YOUR OBJECTIVE: A word-for-word copy of the whole listing is the required answer.

DATA SHOWN:
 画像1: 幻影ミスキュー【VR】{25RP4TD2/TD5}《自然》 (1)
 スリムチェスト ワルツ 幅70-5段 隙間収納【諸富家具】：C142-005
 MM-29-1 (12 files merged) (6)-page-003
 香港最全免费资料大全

SOLVED EXERCISE:
 画像1: 幻影ミスキュー【VR】{25RP4TD2/TD5}《自然》 (1)
 スリムチェスト ワルツ 幅70-5段 隙間収納【諸富家具】：C142-005
 MM-29-1 (12 files merged) (6)-page-003
 香港最全免费资料大全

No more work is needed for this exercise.